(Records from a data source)

═══

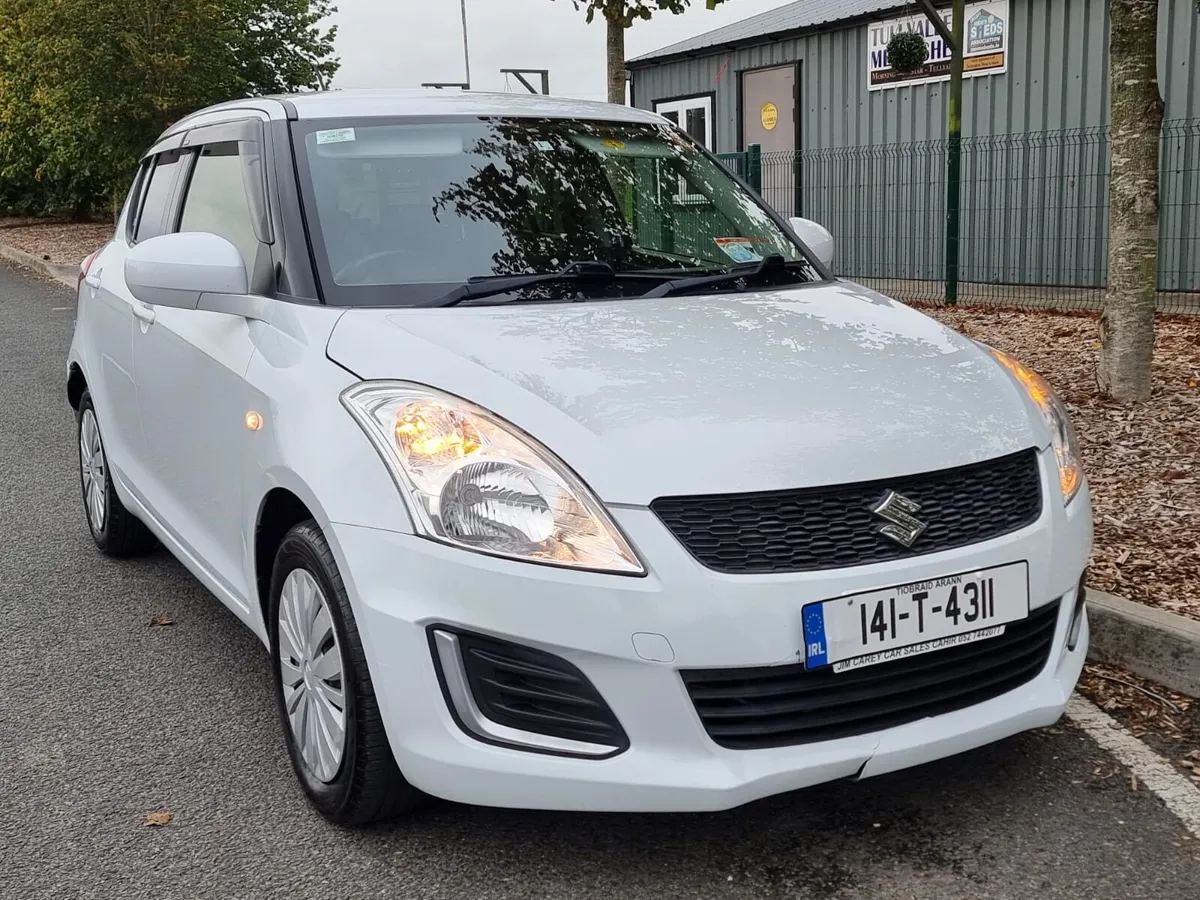 2014 SUZUKI SWIFT NCT'd €5,999 - Image 2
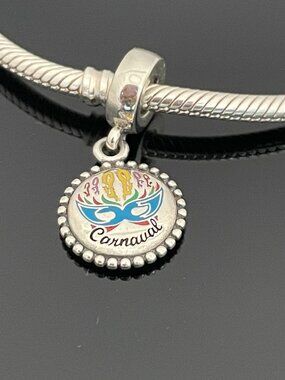 Original Authentic Pandora Carnaval Brazil Rio de Janeiro Exclusive Dangle Charm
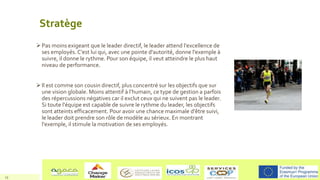 Leadership - Les valeurs et la culture coopératives - LeadFarm Project 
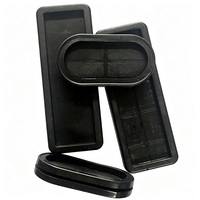 Oeillets de câble en caoutchouc EPDM SBR NBR personnalisés joint de joint de fil automatique rondelle en caoutchouc de silicone œillets support de prise joint plat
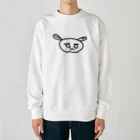 CYBER-BOYSのうさぎネコ Heavyweight Crew Neck Sweatshirt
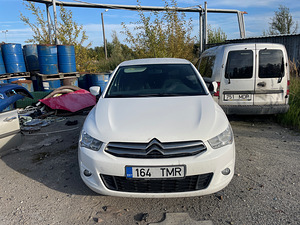 CITROEN C-ELYSEE 1,5D, VARUOSAD (1 foto / 8)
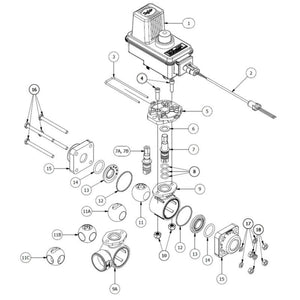Electroválvula Teejet 344BEC (rosca 3/4 o 1)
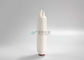 Cartouche filtrante plissée par nylon d'eau en bouteille certificat de FDA de 0,1 microns
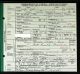 Tucker Clarence Mosely, Jr., Death Certificate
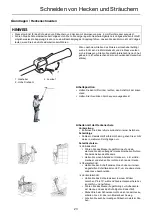 Предварительный просмотр 101 страницы Shindaiwa AH243S Operator'S Manual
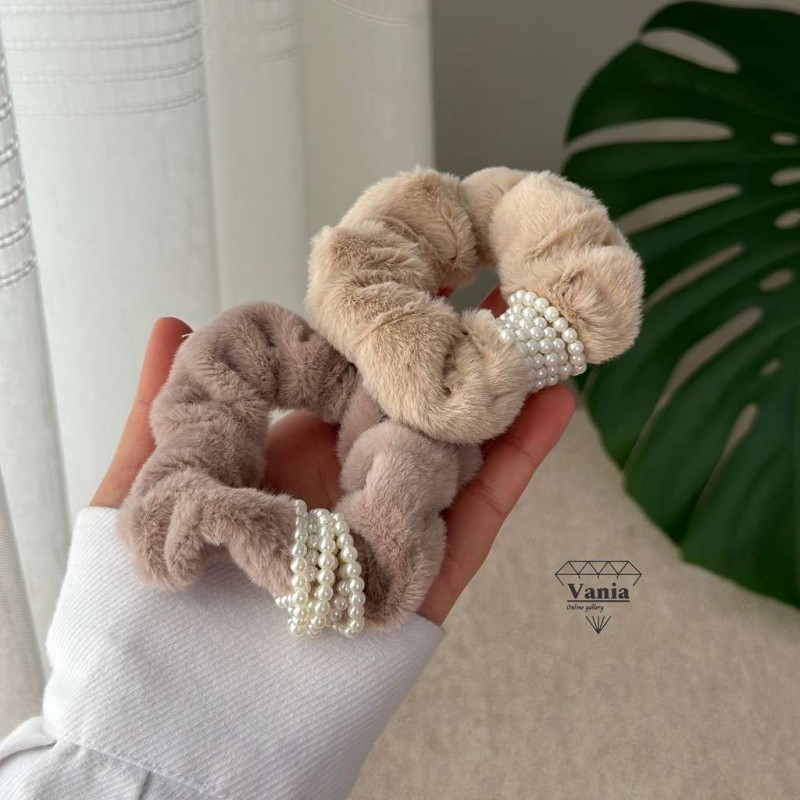 کش مو تدی مروارید دار وارداتی کد As1164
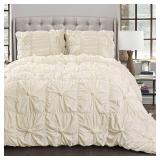 Bella 3-Piece Full/Queen Comforter Set Bedding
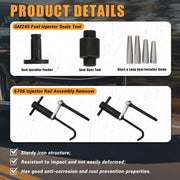 6706 Fuel Injector Rail Assembly Remover EN-49248 and GM245 Fuel 2.0L 3.6L 5.3L 6.2L - view 5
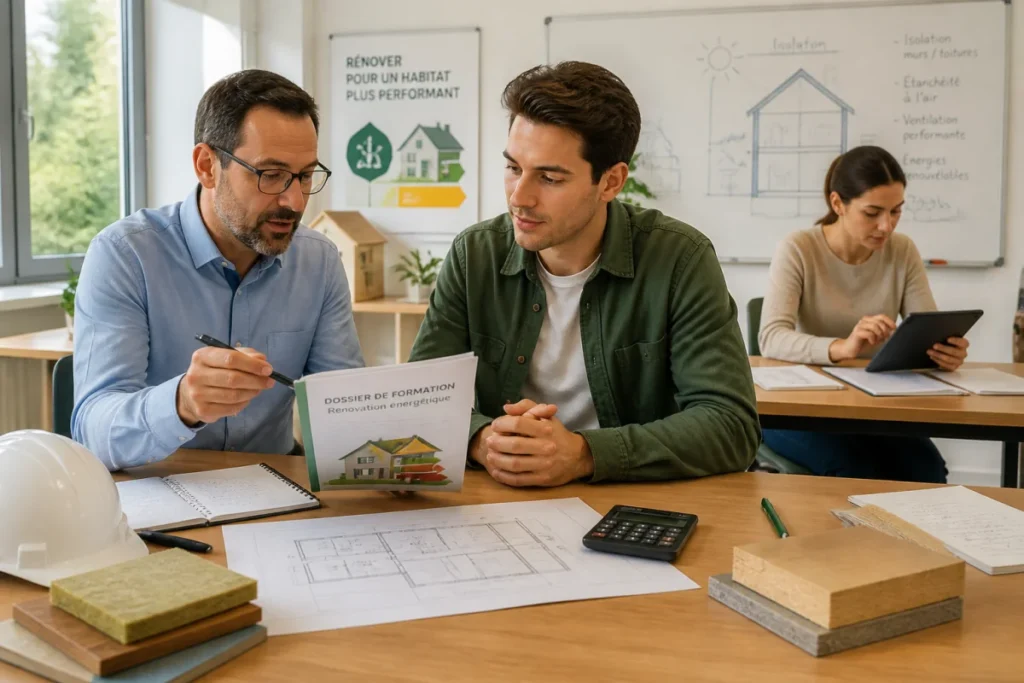 Conseiller en rénovation énergétique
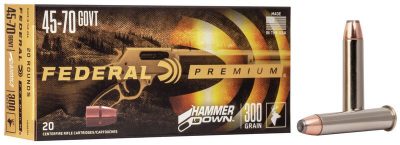Federal Hammer Down 45-70 Gov 300gr BSP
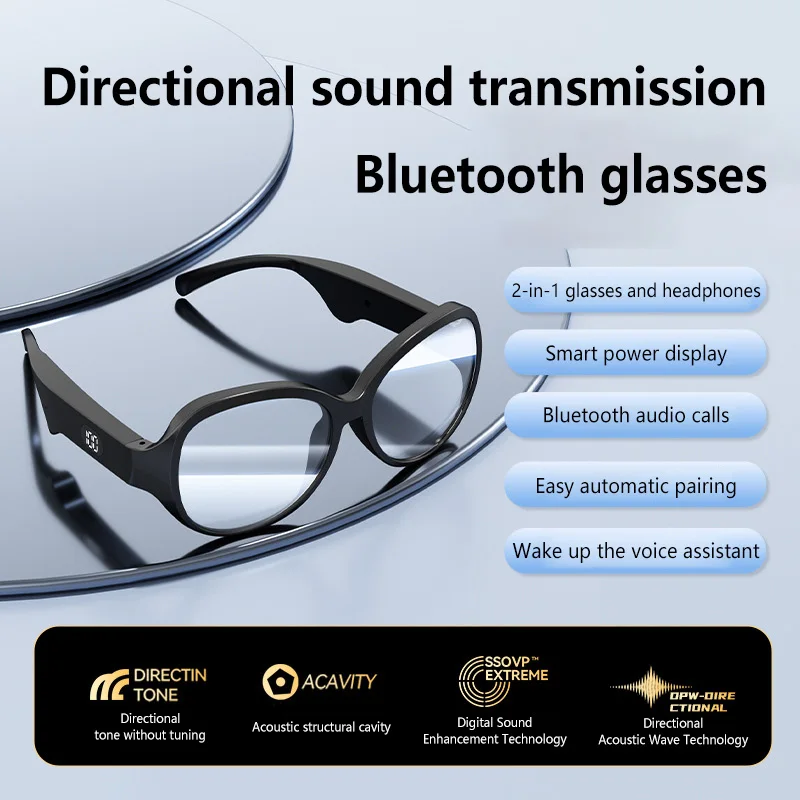 Kacamata Hitam Bluetooth Pinta - Audio Music Bluetooth ulasan dan harga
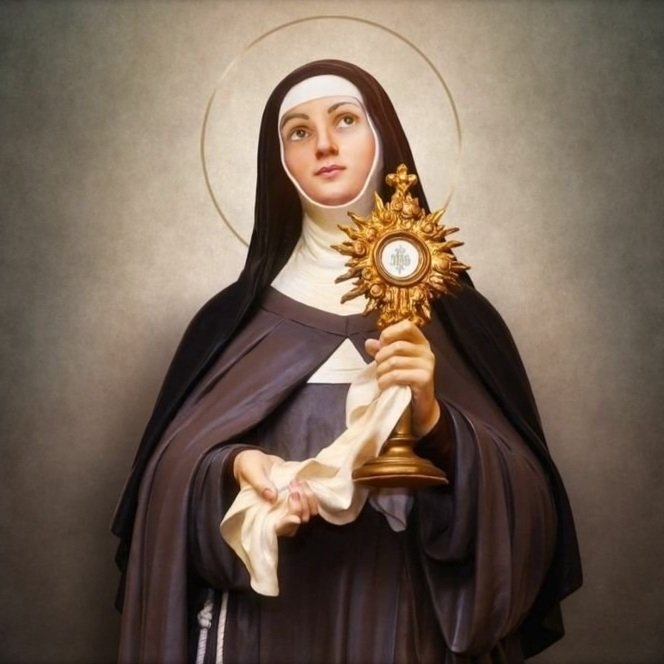 Santo do Dia História de Santa Clara de Assis 11 de Agosto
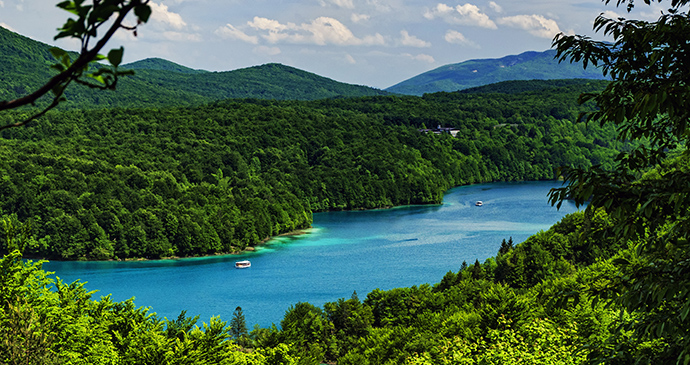 Plitvice Lakes National Park Croatia © Aleksander Gospic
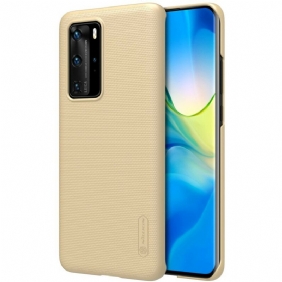 Hoesje voor Huawei P40 Pro Stijve Frosted Nillkin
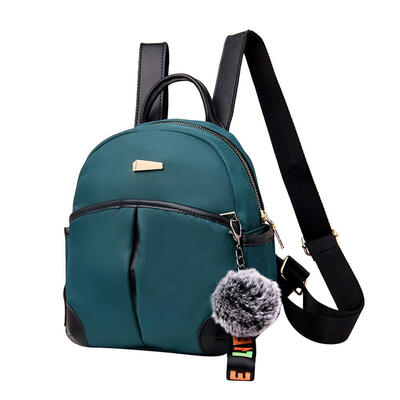 

Casual Small Backpack Women Ball School Bags Student Girls Travel Rucksack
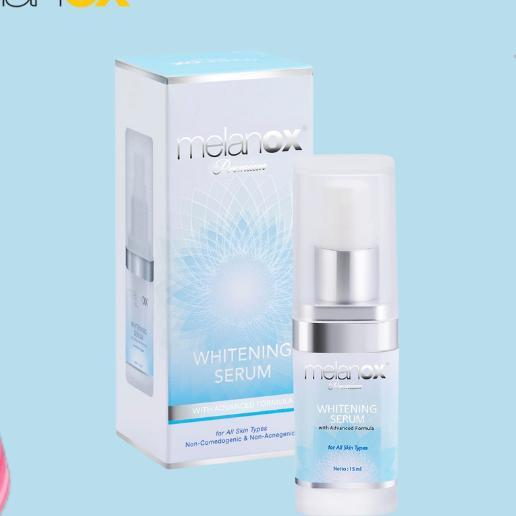 * Star * Melanox Premium Whitening Serum 15Ml  | Serum Wajah | Serum Glowing | Mencerahkan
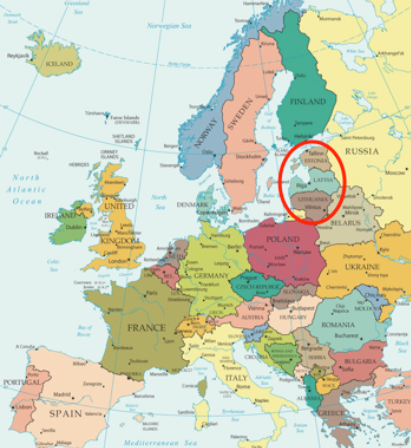 Europeans are Hostages in the Baltic Dungeons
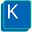 k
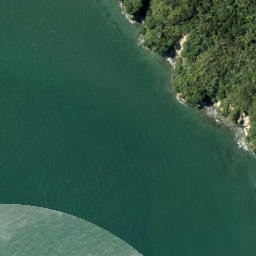 Satellite imagery of Kakamatua Point, NZ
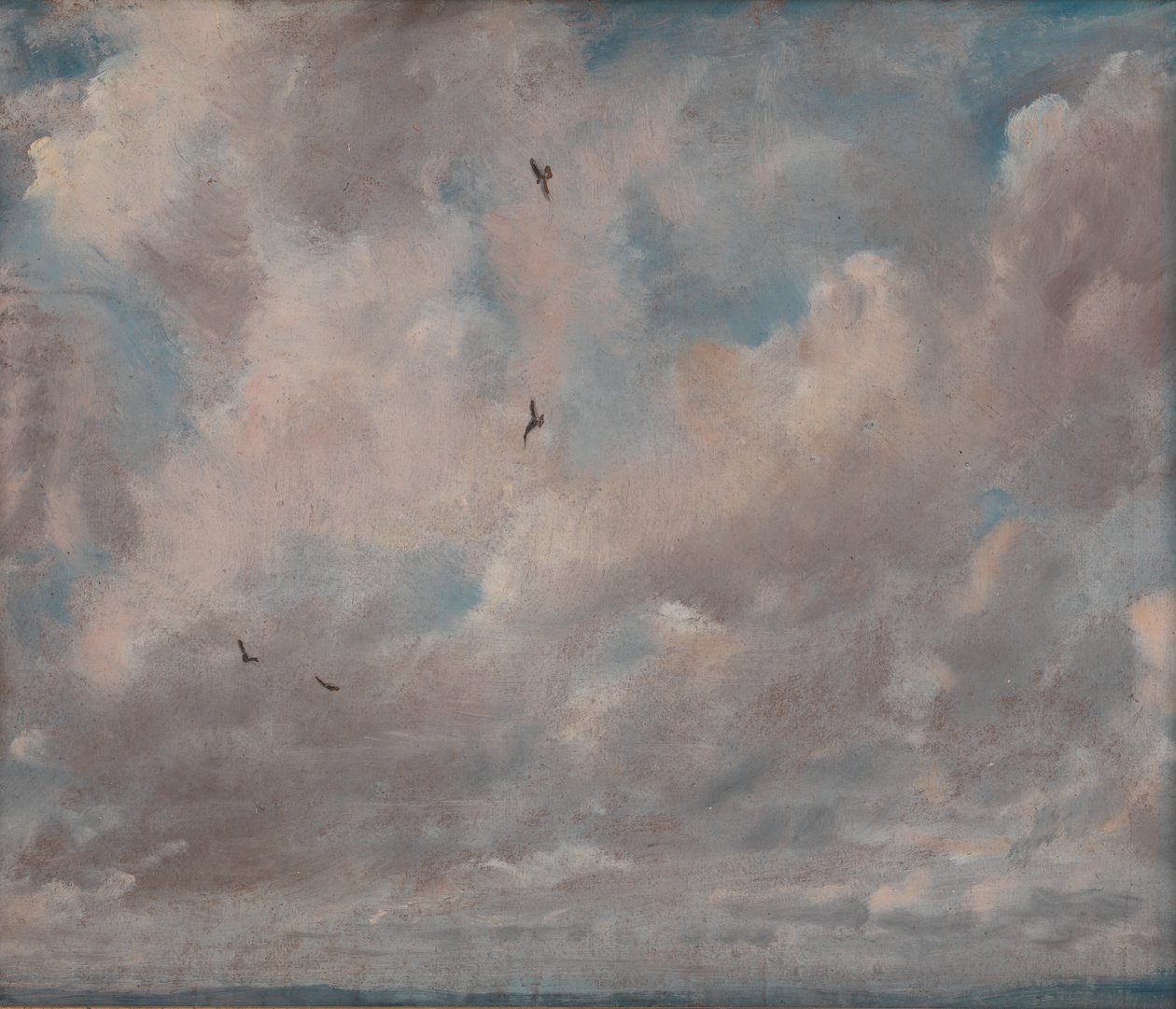 Cloud Study, 1821. av John Constable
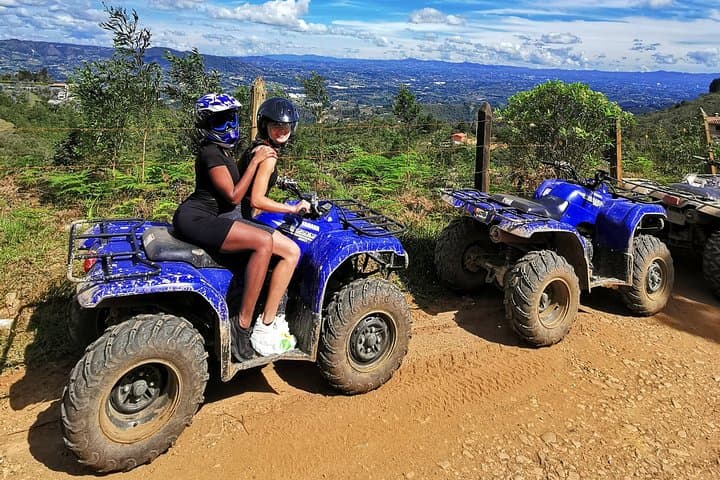 Medellin ATVs and Paragliding: One-Day Adventure Above the Andes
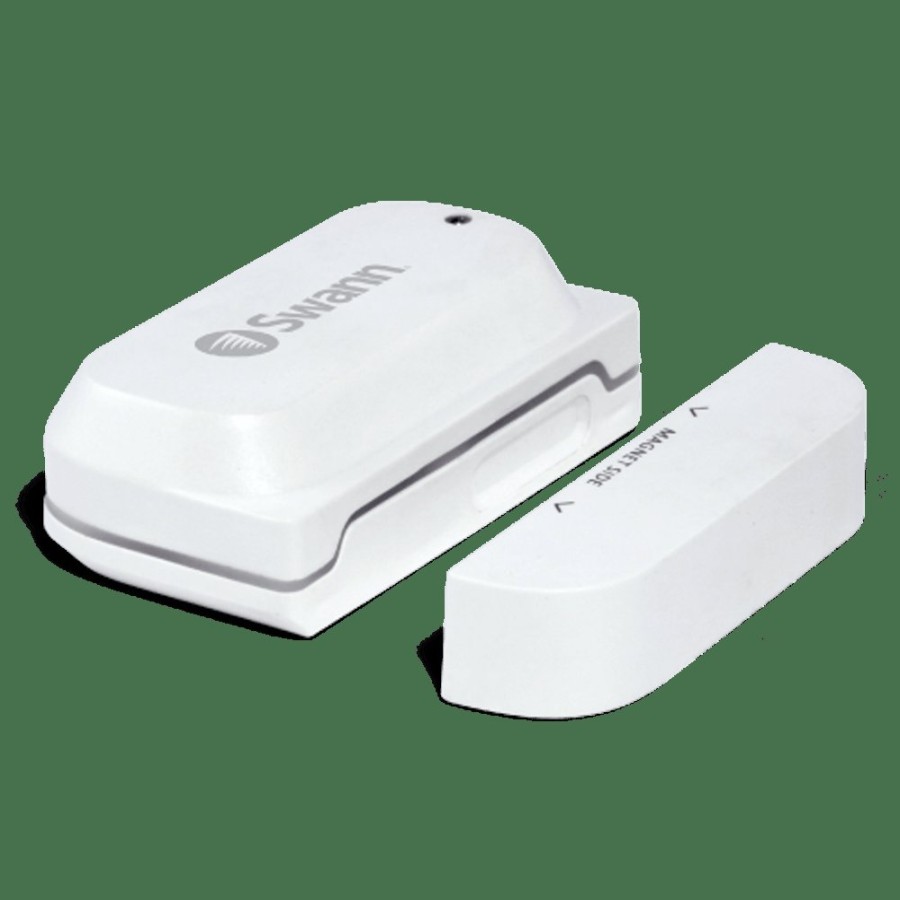 Powered Wi-Fi Security Cameras Swann | Wi-Fi Motion, Window/Door & Leak Alarm Sensors With Indoor Siren | Sowifi-Alarmkitc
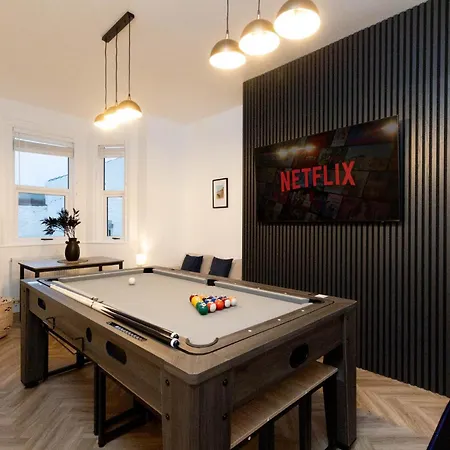 Hébergement de vacances The View - Games - Hot Tub - Sleeps 22 *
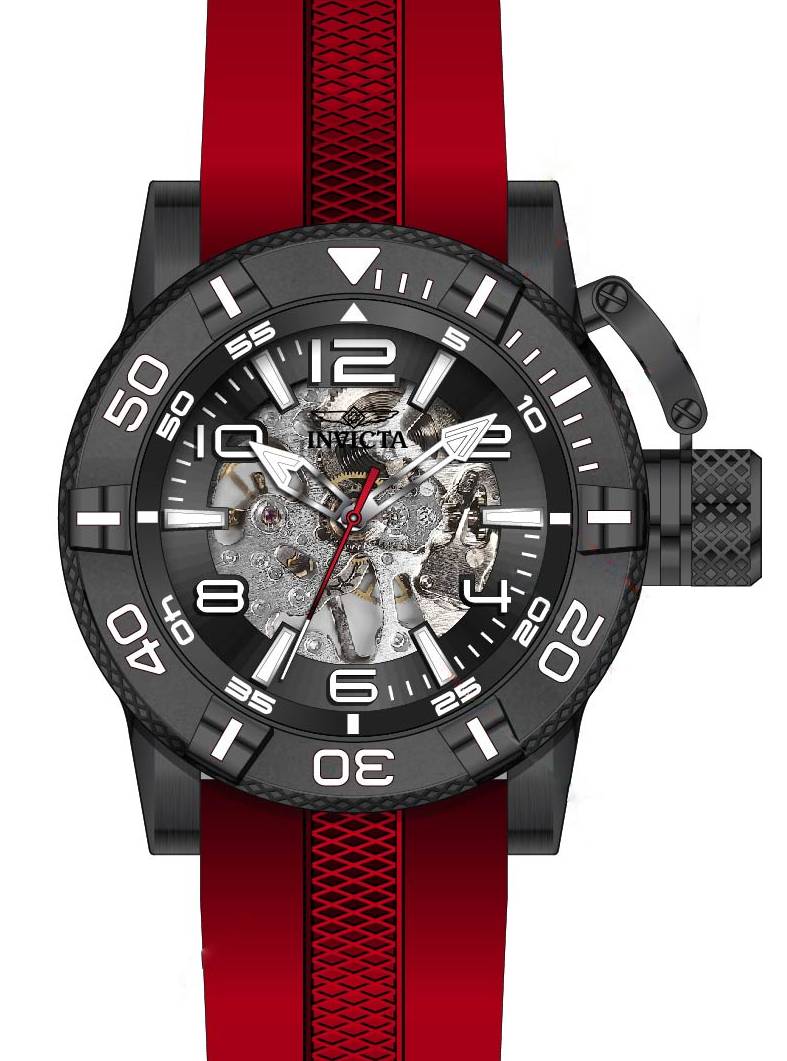 Parts For Invicta Pro Diver  Men 46999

═══

What is being asked -
Each record above must be retyped exactly as given, with the images excluded.

Solution to this problem -
 2014 SUZUKI SWIFT NCT'd €5,999 - Image 2
 Original Authentic Pandora Carnaval Brazil Rio de Janeiro Exclusive Dangle Charm
 Leadership - Les valeurs et la culture coopératives - LeadFarm Project 
 Oeillets de câble en caoutchouc EPDM SBR NBR personnalisés joint de joint de fil automatique rondelle en caoutchouc de silicone œillets support de prise joint plat
 CYBER-BOYSのうさぎネコ Heavyweight Crew Neck Sweatshirt
 CITROEN C-ELYSEE 1,5D, VARUOSAD (1 foto / 8)
Electroválvula Teejet 344BEC (rosca 3/4 o 1)
 Cartouche filtrante plissée par nylon d'eau en bouteille certificat de FDA de 0,1 microns
 Tucker Clarence Mosely, Jr., Death Certificate
 Предварительный просмотр 101 страницы Shindaiwa AH243S Operator'S Manual
 کش مو تدی مروارید دار وارداتی کد As1164
 Bella 3-Piece Full/Queen Comforter Set Bedding
 6706 Fuel Injector Rail Assembly Remover EN-49248 and GM245 Fuel 2.0L 3.6L 5.3L 6.2L - view 5
 Conseiller en rénovation énergétique
Federal Hammer Down 45-70 Gov 300gr BSP
 Kacamata Hitam Bluetooth Pinta - Audio Music Bluetooth ulasan dan harga
 Santo do Dia História de Santa Clara de Assis 11 de Agosto
 Plitvice Lakes National Park Croatia © Aleksander Gospic
 Hoesje voor Huawei P40 Pro Stijve Frosted Nillkin

Casual Small Backpack Women Ball School Bags Student Girls Travel Rucksack
 * Star * Melanox Premium Whitening Serum 15Ml  | Serum Wajah | Serum Glowing | Mencerahkan
 Europeans are Hostages in the Baltic Dungeons
 k
 Satellite imagery of Kakamatua Point, NZ
 Cloud Study, 1821. av John Constable
 Medellin ATVs and Paragliding: One-Day Adventure Above the Andes
 Powered Wi-Fi Security Cameras Swann | Wi-Fi Motion, Window/Door & Leak Alarm Sensors With Indoor Siren | Sowifi-Alarmkitc
 Hébergement de vacances The View - Games - Hot Tub - Sleeps 22 *
 Parts For Invicta Pro Diver  Men 46999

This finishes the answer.